═════ DATA SECTION ═════

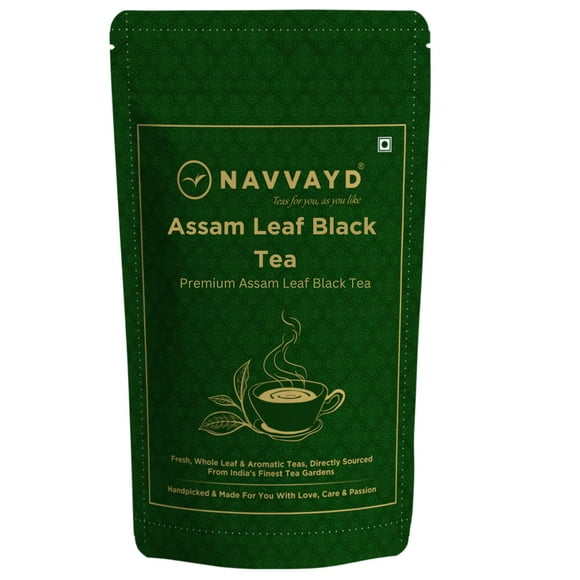 NAVVAYD Pure Assam Black Tea (100g, 50 Cups), Premium Grade Second Flush Tea Loose Leaf Tea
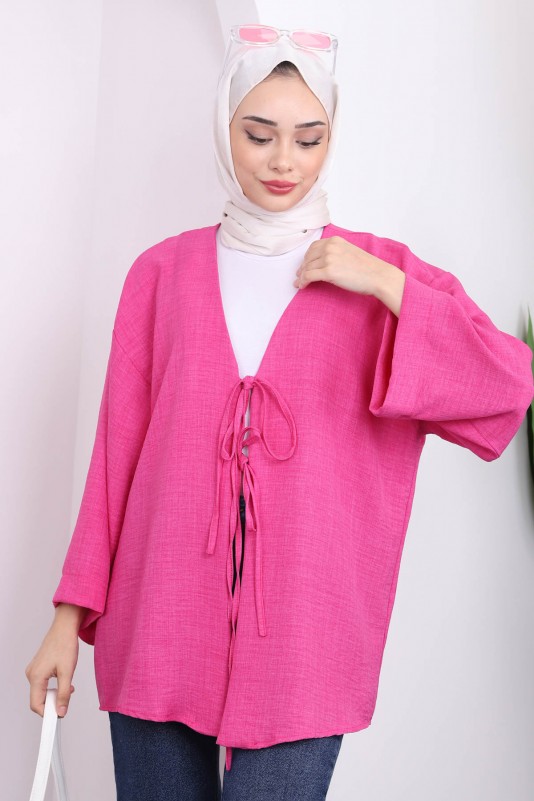 Pembe Ön Bağlamalı Keten Kimono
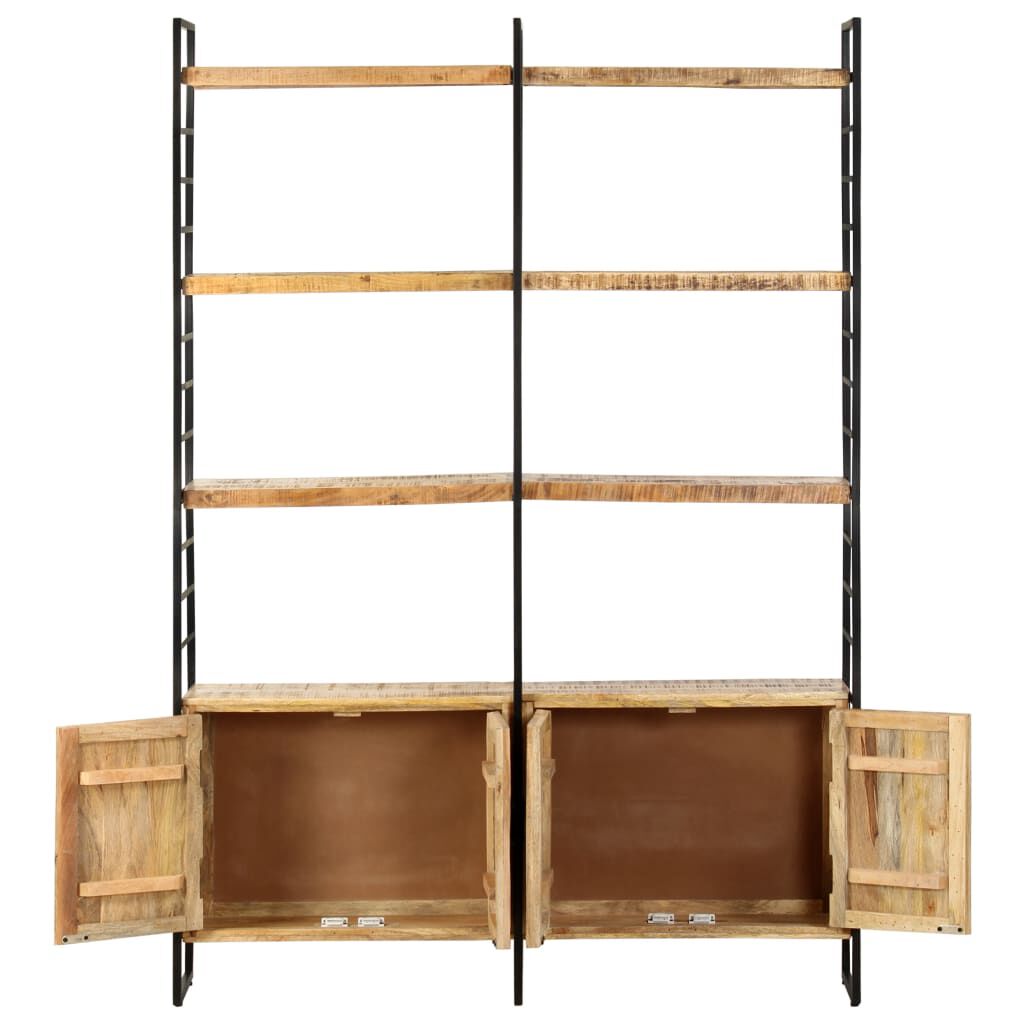 vidaXL Βιβλιοθήκη με 4 Επίπεδα 124x30x180 εκ. Ακατέργαστο Ξύλο Μάνγκο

═════

A faithful, picture-free copy of the material is what this task asks for.

=== EXERCISE RESULT ===
 NAVVAYD Pure Assam Black Tea (100g, 50 Cups), Premium Grade Second Flush Tea Loose Leaf Tea
 Pembe Ön Bağlamalı Keten Kimono
 vidaXL Βιβλιοθήκη με 4 Επίπεδα 124x30x180 εκ. Ακατέργαστο Ξύλο Μάνγκο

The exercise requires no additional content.